Brief descriptive captions:
■ ■ ■ ■ ■ ■ ■

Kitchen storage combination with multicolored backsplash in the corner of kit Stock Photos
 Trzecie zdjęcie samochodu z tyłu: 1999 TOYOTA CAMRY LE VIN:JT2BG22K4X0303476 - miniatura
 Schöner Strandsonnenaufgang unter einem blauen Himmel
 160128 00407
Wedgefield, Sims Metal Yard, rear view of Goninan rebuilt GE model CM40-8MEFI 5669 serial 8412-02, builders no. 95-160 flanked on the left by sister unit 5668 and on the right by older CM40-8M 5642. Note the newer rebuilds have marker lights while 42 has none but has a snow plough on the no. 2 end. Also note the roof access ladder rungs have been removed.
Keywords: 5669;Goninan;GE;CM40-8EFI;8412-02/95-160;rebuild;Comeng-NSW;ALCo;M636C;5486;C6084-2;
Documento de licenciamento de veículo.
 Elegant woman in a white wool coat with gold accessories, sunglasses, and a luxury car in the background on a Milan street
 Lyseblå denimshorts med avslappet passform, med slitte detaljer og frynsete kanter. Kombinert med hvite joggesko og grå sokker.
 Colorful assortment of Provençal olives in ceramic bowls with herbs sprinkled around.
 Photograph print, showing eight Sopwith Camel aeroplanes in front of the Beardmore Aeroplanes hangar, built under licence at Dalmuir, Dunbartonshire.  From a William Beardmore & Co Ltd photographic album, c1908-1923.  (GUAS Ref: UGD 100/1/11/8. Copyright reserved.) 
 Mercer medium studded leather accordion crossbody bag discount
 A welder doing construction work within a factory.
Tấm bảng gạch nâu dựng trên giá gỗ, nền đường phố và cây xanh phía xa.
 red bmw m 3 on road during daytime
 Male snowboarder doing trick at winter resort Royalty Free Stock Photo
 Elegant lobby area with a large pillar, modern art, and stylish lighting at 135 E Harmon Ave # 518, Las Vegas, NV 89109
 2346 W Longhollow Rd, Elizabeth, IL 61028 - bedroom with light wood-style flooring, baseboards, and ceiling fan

■ ■ ■ ■ ■ ■ ■

**Work instructions:** All that the answer may hold is the lines from the one with "Photograph print, showing" through the end of the data, set down exactly as they appear.

**Your response:**
 Photograph print, showing eight Sopwith Camel aeroplanes in front of the Beardmore Aeroplanes hangar, built under licence at Dalmuir, Dunbartonshire.  From a William Beardmore & Co Ltd photographic album, c1908-1923.  (GUAS Ref: UGD 100/1/11/8. Copyright reserved.) 
 Mercer medium studded leather accordion crossbody bag discount
 A welder doing construction work within a factory.
Tấm bảng gạch nâu dựng trên giá gỗ, nền đường phố và cây xanh phía xa.
 red bmw m 3 on road during daytime
 Male snowboarder doing trick at winter resort Royalty Free Stock Photo
 Elegant lobby area with a large pillar, modern art, and stylish lighting at 135 E Harmon Ave # 518, Las Vegas, NV 89109
 2346 W Longhollow Rd, Elizabeth, IL 61028 - bedroom with light wood-style flooring, baseboards, and ceiling fan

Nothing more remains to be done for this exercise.